The Premier has inserted the phrase into his ministers’ talking points, printed it on two dozen signs placed near border crossings, and even named a piece of legislation after it – the Making Ontario Open for Business Act.
But Mr. Ford has a habit of acting in ways that eviscerate his favourite mantra. His impulsive, highly personal style of decision-making is just the sort of thing that repels investors. Rather than putting up placards, he should try showing the world that Ontario is run by a cool head, according to clear rules. You know, conservatism.
We are already beginning to see the consequences of Mr. Ford’s tinpot approach to government. Last week, a Washington state regulator killed Hydro One’s bid to buy the U.S. energy company Avista Corp. over concerns about the Premier’s meddling in Hydro’s affairs.
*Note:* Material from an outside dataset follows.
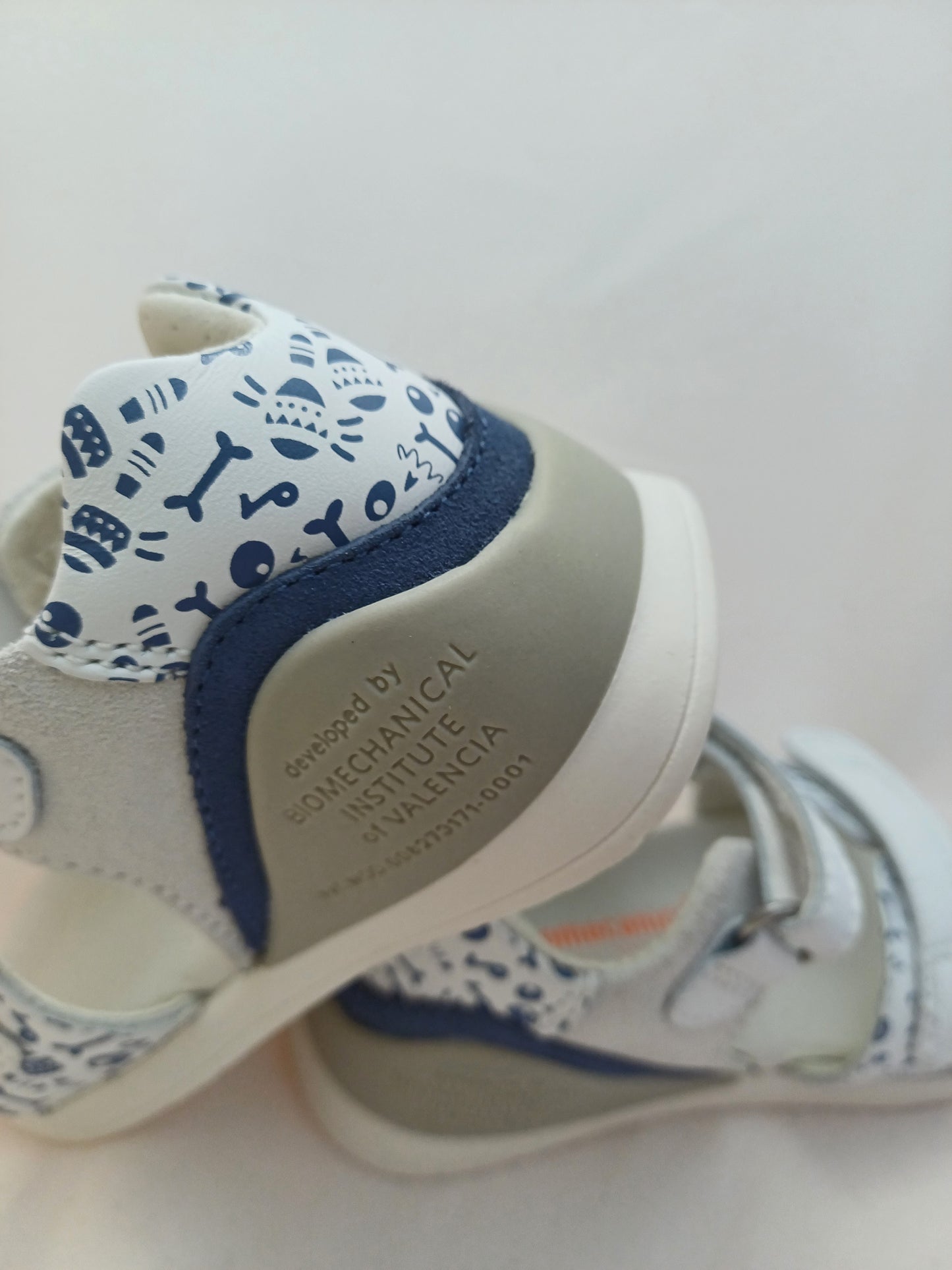 Biomecanics 242147 bianco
Those concerns are well founded. This summer, Mr. Ford forced out the utility’s CEO, Mayo Schmidt, as a populist sop over Mr. Schmidt’s $6.2-million pay packet; that in turn triggered the resignation of the firm’s entire board. Now, the Premier and his chief of staff are reportedly at odds with the new board over whom to hire as chief executive, with Mr. Ford favouring the head of Toronto Hydro because the two have worked together before.
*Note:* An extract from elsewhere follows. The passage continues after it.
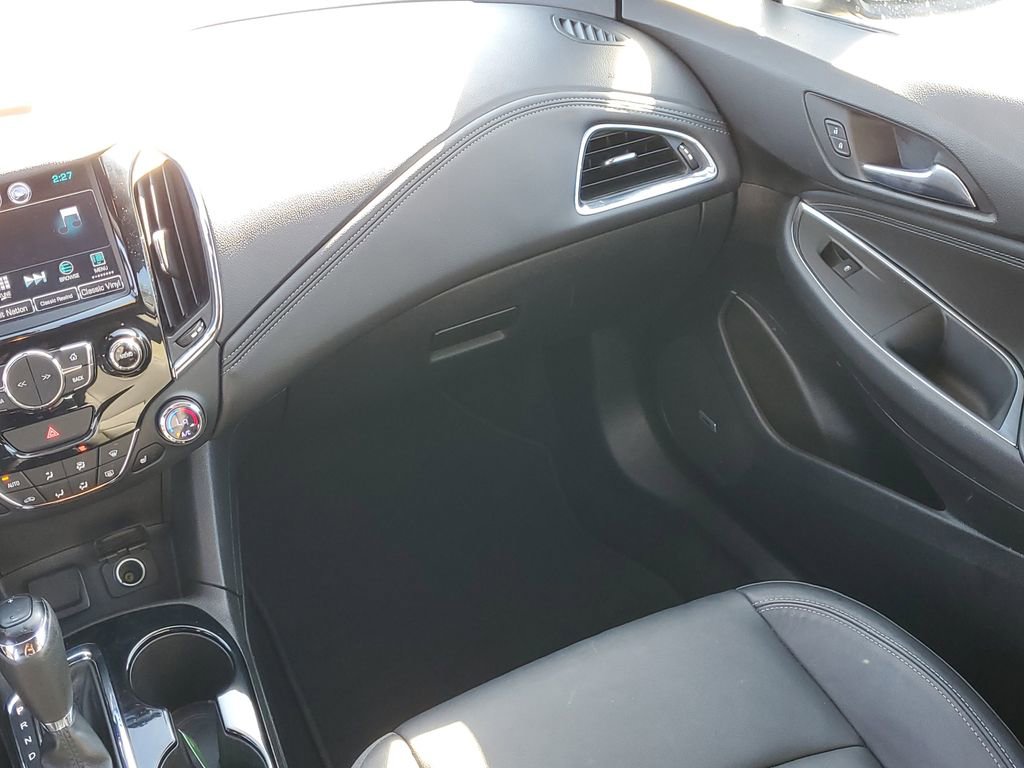 Used 2017 Chevrolet Cruze Premier image 26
Not only does the $4.4-billion Avista deal look to be dead, its dissolution would cost Hydro One close to $200-million in fees and commissions. The Premier’s costly intervention is all the more remarkable when you remember that Hydro is only 47-per-cent owned by the province. Mr. Ford has cost not only ratepayers, but shareholders, too.
The green-energy sector might also have something to say about the Premier’s interpretation of “Open For Business.” It has been smarting ever since the Progressive Conservative government cancelled more than 750 renewable-energy contracts this summer in an effort to drive down electricity bills, while swatting away compensation claims. Reforming the Liberal’s terrible energy policy is one thing, but the wholesale shredding of hundreds of contracts hurts companies and chills the business climate.
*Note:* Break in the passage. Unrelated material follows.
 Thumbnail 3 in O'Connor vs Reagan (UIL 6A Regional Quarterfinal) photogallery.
Tesla didn’t feel Ontario was open for its business earlier this year either, when it successfully sued the province for phasing out electric-car rebates in a way that discriminated against the firm. For an ostensibly pro-business Premier, Mr. Ford has spent a rather large part of his short time in office being sued, spurned and derided by, well, businesses.
That’s not because he has a principled aversion to corporate welfare either – at least not for firms with ties to him and his party. Maple Leaf Foods, the recipient of $34.5-million in provincial largesse for a poultry-processing plant in London, Ont., last month, is a long-time client of Mr. Ford’s family company, Deco Labels.
There is no proof of anything illegal in that bit of industrial policy, but the optics aren’t good and risk feeding a perception that Ontario is open for business above all if you’re a Ford ally. That’s poison for companies operating in Ontario, who inevitably want to make sure the rules of the game are the same for everyone, and won’t suddenly change.
Enter Ron Taverner, Mr. Ford’s long-time family friend and choice to head the Ontario Provincial Police. On Tuesday, OPP Deputy Commissioner Brad Blair, the interim chief of the force, asked the provincial Ombudsman to investigate the many irregularities in the process for selecting a new top cop at the OPP. Deputy Commissioner Blair added to the growing list of questionable government actions, alleging that Mr. Ford’s office asked police to purchase “a large camper type vehicle” for the Premier’s use, without public tender, and off the books.
Alleging political interference with policing, conflict of interest and possibly law-breaking, Deputy Commissioner Blair has hired a lawyer and effectively become a whistleblower against the sitting government.
This is unprecedented and it’s the latest situation that leaves Ontario looking like a banana republic. The implications are ominous for the province’s economy. Companies rely on the integrity of contracts, freedom from government meddling and the rule of law. If Mr. Ford truly wants to make Ontario open for business, he should try a few of those ideas on for size.